A lot of events are available on the application timeline but only a few relevant are displayed on the metrics view:
- Restart event
- Deploy event
- Scale event
A complete list of events is available in our developer documentation.
The requests per minute is here to show how many requests the application gets per minute. It displays two different kinds of data. The first one is the number of requests per minute, the famous RPM. And the second one is the number of server error responses generated by the application (HTTP responses in the 500 range).
Note: 504 and 503 errors can be generated by our reverse proxy. More information is available in the routing documentation.
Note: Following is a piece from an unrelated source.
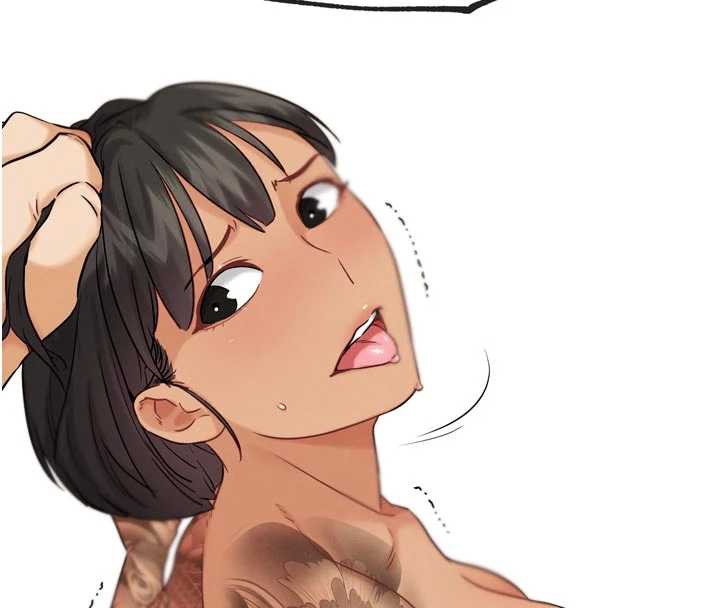 G斗吧!真人肉搏王第26話-對性轉硬漢強制性交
The requests time represents the duration between the time a request arrives
at our front servers and the time our front servers receives a response from
your application. It also includes the websocket request times which can be long
request. The requests time chart displays 3 different values regarding the
requests time of an application: the 95th percentile (
p95), the 99th
p99) and the median. All times are in millisecond. The median of
all your application requests times means that half the requests time are below
this value and half are above. The 95th percentile means that 95% of the
requests time are below this value and 5% are above.
The container charts use the container types defined in your Procfile.
For each container type, two charts are shown. The first one shows the CPU usage and the second one the memory and swap usage of this type of container. For the memory chart, the memory (in blue) and swap usage (in red) are stacked. That way the total memory usage of the application can be monitored.
The swap usage can increase in two different situations:
- the application uses all the available memory usage. The system starts using the swap to allocate new memory block.
- if some memory blocks are never accessed during a long period of time, the kernel moves them to the swap, waiting for the next usage. At the first read of these blocks, the kernel moves them back to the main memory. Hence, the first read is impacted in terms of performance. The impact on the performance is different from the previous case where the swap is used until enough memory is available.
Note: The swap line is only shown if the swap usage exceeds 2% of the container memory limit.
If the application has more than one container of a specific type, these charts show the mean CPU usage / memory consumption of all containers of the same type.
If the application has more than one container of a type defined in its Procfile, a detailed view of all containers of a type is available. The charts are exactly the same except that they are per container (and not per container type). It can greatly help to spot a bugged container and therefore simplify the debugging process.